The Atlantic Telegraph-by W.H. Russell
(Tempus Publishing Ltd, The Mill, Brimscombe Port, Stroud, Gloucestershire, GL5 2QG, England)
ISBN 1 84588 074 9,
paperback 128 pages,
25 illustrations, £16.00 in UK
Reviewed by Tony Hogan
The Atlantic Telegraph was written in 1866 by William Howard Russell, a journalist and war correspondent with The Times, and describes the various attempts to lay a submarine telegraph cable between Valentia Island and Newfoundland. This is a reprint of the original edition.
The first submarine telegraph cable was laid in 1851 between Dover and Calais, and in the following years others followed. The first submarine cable across the Irish Sea was laid in 1853 and joined Portpatrick and Donaghadee, a distance of 27 miles. Holyhead and Howth were linked in 1861 (64 miles). By 1857 the longest cable laid amounted to little over 100 miles.

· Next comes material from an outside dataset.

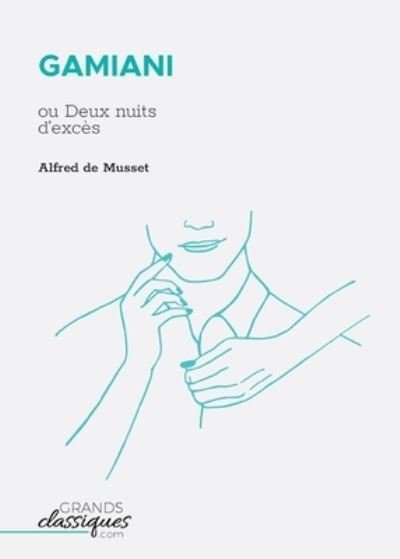 Cover for Alfred De Musset · Gamiani (Pocketbok) (2018)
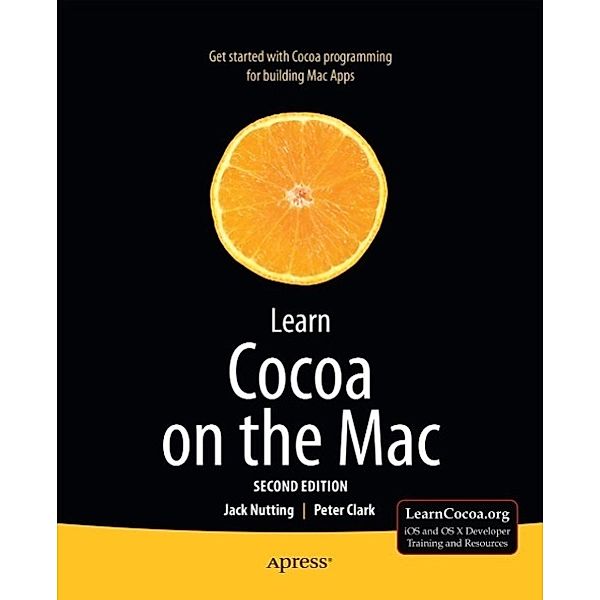 Learn Cocoa on the Mac, Jack Nutting, Peter Clark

Cyrus Field, an American financier, was the inspiration behind the proposal to join the New and Old Worlds by telegraph cable. His original concept, in 1854, was to lay a cable across the Cabot Strait from Cape Breton to Newfoundland and to run ships carrying the messages from Newfoundland to Galway, thereby shortening the time for messages to cross the Atlantic by four to five days. By 1856 the 85 miles long Newfoundland cable had been laid and Cyrus Field proposed an Atlantic submarine cable. A new design of cable, capable of withstanding the pressures on the seabed at depths of up to 2000 fathoms (over 2 miles), was required.
The author describes in detail the formation of a company to handle the project, the raising of finance, the agreements with the various legislatures on both sides of the Atlantic, and the design and testing of the cable. The proposed route was surveyed in 1856. For the first attempt in 1857 the cable was divided between HMS Agamemnon and USNS Niagara; other vessels were in attendance. Various dignitaries visited Valentia to mark the commencement of the enterprise. Having secured the shore end to the telegraph station on Valentia, USNS Niagara began laying cable towards Newfoundland. Testing of the cable's integrity between shore and ship showed that after almost 300 miles had been laid the cable had broken and this first attempt was abandoned.
In June 1858, HMS Agamemnon and USNS Niagara commenced a second attempt. On this occasion their starting point was mid-Atlantic. The cable ends from each vessel were spliced after several attempts and Niagara headed westwards and Agamemnon eastwards. Yet again the cable broke after a total of about 300 miles. The ships returned to port. As sufficient cable remained aboard the vessels a third attempt was made in late July, again with a mid-Atlantic starting point and by early August both vessels reached their respective shores. Having connected the cable to both shores, messages of congratulation were telegraphed back and forth, including ones between Queen Victoria and US President James Buchanan. However, all was not well with the cable and by early September the cable failed for unknown reasons.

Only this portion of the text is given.